Without including any pictures, please copy every entry below exactly.

(Short text fragments from websites)
# # # #

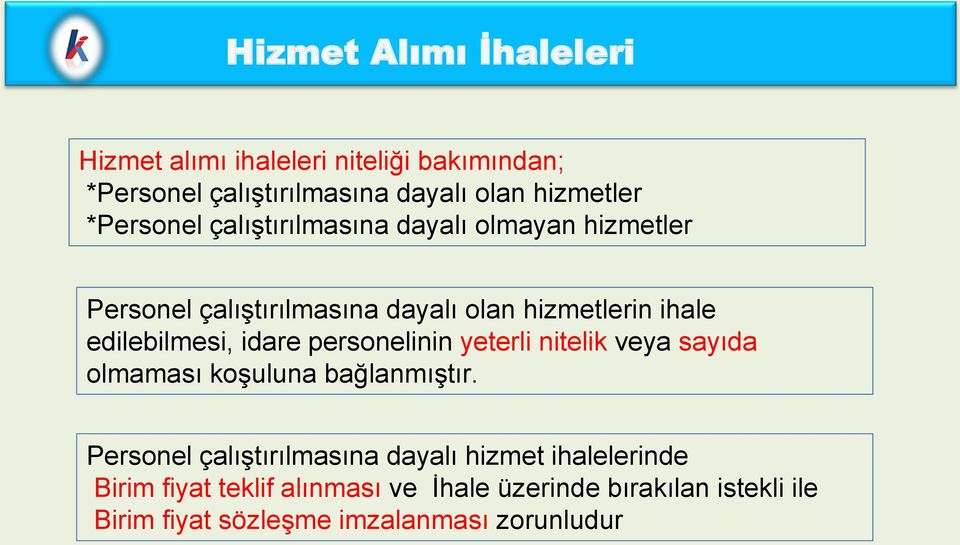 edilebilmesi, idare personelinin yeterli nitelik veya sayıda olmaması koşuluna bağlanmıştır.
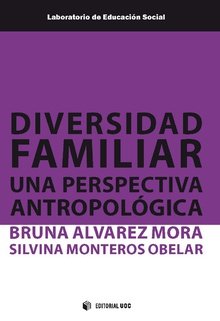 Diversidad familiar. Una perspectiva antropol�gica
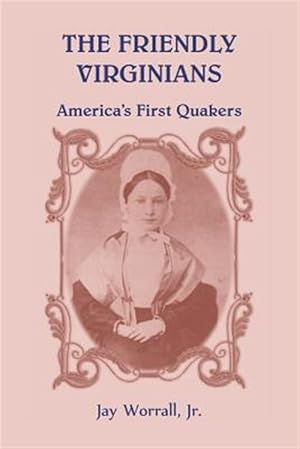 Imagen del vendedor de The Friendly Virginians: America's First Quakers a la venta por GreatBookPrices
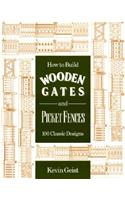 How to Build Wooden Gates and Picket Fences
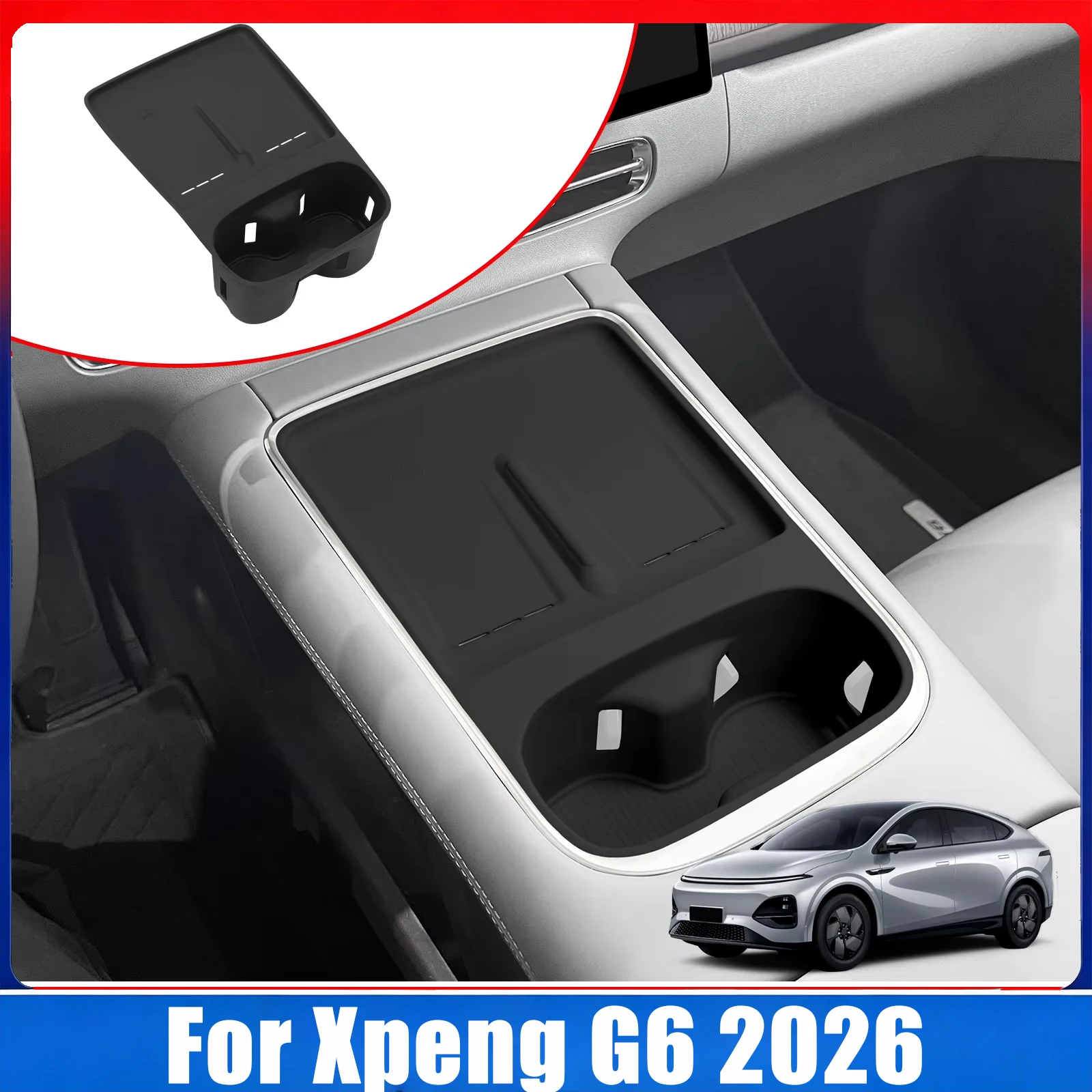 For Xpeng G6 2026 Cup Holder With Anti Dirt Pad Phone Charging Silicone Anti Slip Shock Absorbing Tray Car Accessories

# # # #

*COMPLETED TASK*.
 edilebilmesi, idare personelinin yeterli nitelik veya sayıda olmaması koşuluna bağlanmıştır.
 Diversidad familiar. Una perspectiva antropol�gica
 Imagen del vendedor de The Friendly Virginians: America's First Quakers a la venta por GreatBookPrices
 How to Build Wooden Gates and Picket Fences
 For Xpeng G6 2026 Cup Holder With Anti Dirt Pad Phone Charging Silicone Anti Slip Shock Absorbing Tray Car Accessories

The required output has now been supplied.